In repertoire terms David Measham was to commercial recording what Norman Del Mar was to the radio studio. Del Mar's studio-taped programmes were unafraid of unfashionable choices - mixing Balakirev, Shostakovich, Seiber, Lambert, Bax, Searle and Strauss. Measham was one of Unicorn's regulars during the 1970s recording with them Josephs (Requiem and Pastoral Symphony), Goossens (Symphony No. 1), Miaskovsky (Symphony No. 21), Kabalevsky (Symphony No. 2) and Barber among others. His Barber was true to romantic type: humid, perfervid; hothouse stuff put across with tireless confidence and full response to variety of mood.

Regis faced a timing problem in re-running these tapes. The two Barber Unicorn LPs were made up of the LSO collection RHS 342 (Symphony, Essays and Night Flight) and the WASO LP UNS256 (Knoxville, Violin Concerto and Shelley Scene). This was too much for one CD. What to omit? The final choice fell on the Violin Concerto. Although a fine performance the shelves already groan with excellent readings of the concerto. Recordings of Knoxville are not quite so common. It is a while since I heard the versions by Leontyne Price and Barbara Hendricks, however Molly McGurk is a sensitive singer and has the necessary heft for the big moments. More to the point you can fully believe her assumption of the child's viewpoint central to James Agee's meditation. Steber's classic recording now sounds a mite shrill but the closest approach to perfection is Dawn Upshaw's on Teldec - a pity it was never tackled by Netania Davrath. McGurk's voice has the operatic 'chops' for the work's stormy crests yet has enough innocence to do justice to the predominantly childlike viewpoint. Barber chose or was chosen by this hardly apt text and made of it a masterpiece that quickly gets under the skin.

The other works are very much of a piece in mood.

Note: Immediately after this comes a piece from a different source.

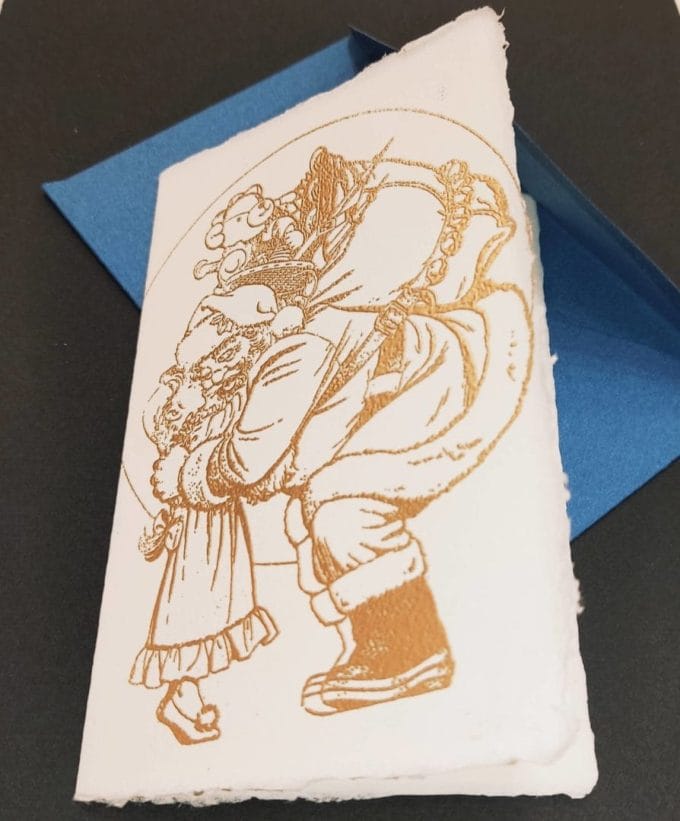 Amalfi paper folding cards with handmade illustration with handmade relief gilding. On the front of the card the illustration entitled "Santa Claus is coming to town".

The clouds lour, great passionate oratory breathes through the pages. Even the Barber works of the 1940s remain in touch with the cliff-edge passions and tragedy of the symphonic 1930s. The Symphony belongs to the world of Walton's First, Rubbra's First, RVW's Fourth and Bax's Sixth. It is a shade melodramatic but this is not its weakness; for that we must look to the lack of indelibly memorable themes. It is still a work with a potent emotional charge linking to other Rome-based pieces such as Hanson's First and Second Symphonies. Gershwin's Rhapsody in Blue, then continuing to take the world by storm, is also hinted at at least once. Its one movement structure points towards the 'recentish' Sibelius Seventh Symphony. Another much later work indebted to the Barber is the Flagello Symphony recently issued on Naxos American Classics. Roy Harris's aggressive syncopated rhythmic inclinations can be heard from 08.00 onwards.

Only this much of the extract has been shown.